Nouri al-Maliki stopped short of voicing outright support for Syrian President Bashar Assad's embattled regime.
But his comments in a wide-ranging interview with The Associated Press on Wednesday marked one of his strongest warnings yet about the turmoil that the collapse of the Syrian government could create.
"If the world does not agree to support a peaceful solution through dialogue ... then I see no light at the end of the tunnel,'' al-Maliki said.
"Neither the opposition nor the regime can finish each other off," he continued. "The most dangerous thing in this process is that if the opposition is victorious, there will be a civil war in Lebanon, divisions in Jordan and a sectarian war in Iraq."

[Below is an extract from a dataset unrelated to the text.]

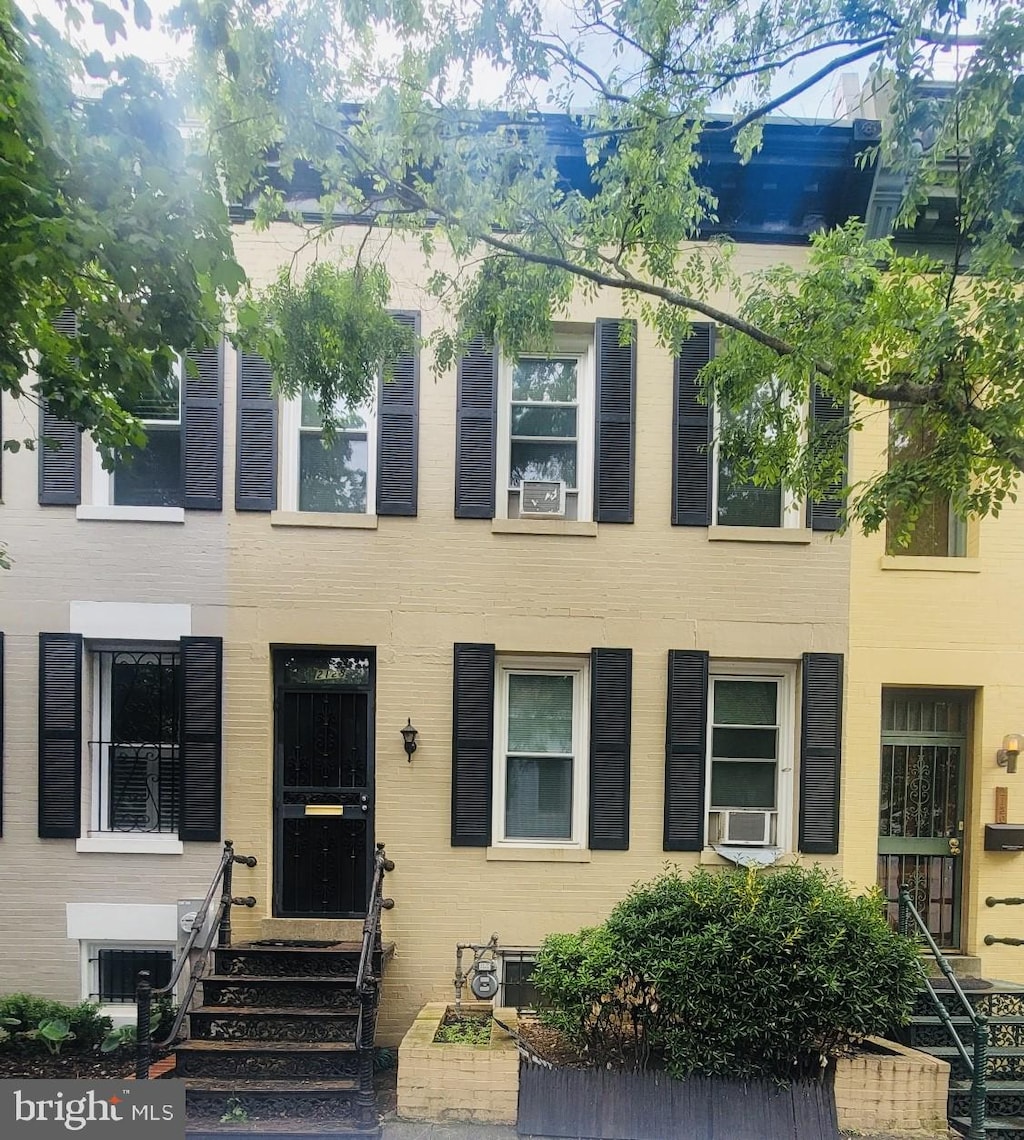 view of property featuring entry steps and cooling unit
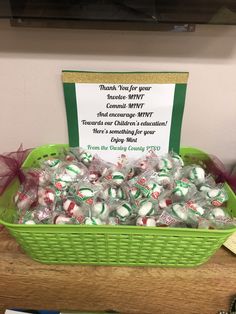 a green basket filled with candy on top of a wooden table next to a sign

Iraq has tried to maintain a neutral stance toward the civil war in Syria, saying that the aspirations of the Syrian people should be met through peaceful means.
Washington has criticised Baghdad, however, for doing too little to stop flights suspected of carrying Iranian arms to Syria from transiting Iraqi airspace.
Al-Maliki emphatically denied aiding the arms transfers: "Not to the regime and not to the opposition. No weapon is being transferred through Iraqi skies, territories or waters,'' he said.
The Iraqi leader's comments come as his government confronts growing tensions of its own between the Shia majority and an increasingly restive Sunni minority nearly a decade after the US-led invasion of Iraq.
'Sunni-Shia strife'
The war in Syria has sharp sectarian overtones, with predominantly Sunni rebels fighting a regime dominated by Alawites, an offshoot of Shia Islam.
Assad's main allies are Shia Iran and the Shia group Hezbollah in Lebanon.
Hezbollah leader Sheikh Hassan Nasrallah also warned on Wednesday against sectarian infighting in Lebanon related to the Syrian civil war.
"There are some who are working night and day and pushing the country toward civil and religious strife, and specifically Sunni-Shia strife," Nasrallah said on the group's Al-Manar TV.
If this were to happen, he said, it would "destroy everyone and burn down the entire country."
Nasrallah denied accusations by the Syrian opposition that members of the group were fighting alongside forces loyal to the Assad regime, and reiterated that some Shia in villages along the Lebanese-Syrian border, including Hezbollah members, have taken up arms in self-defense against Sunni gunmen.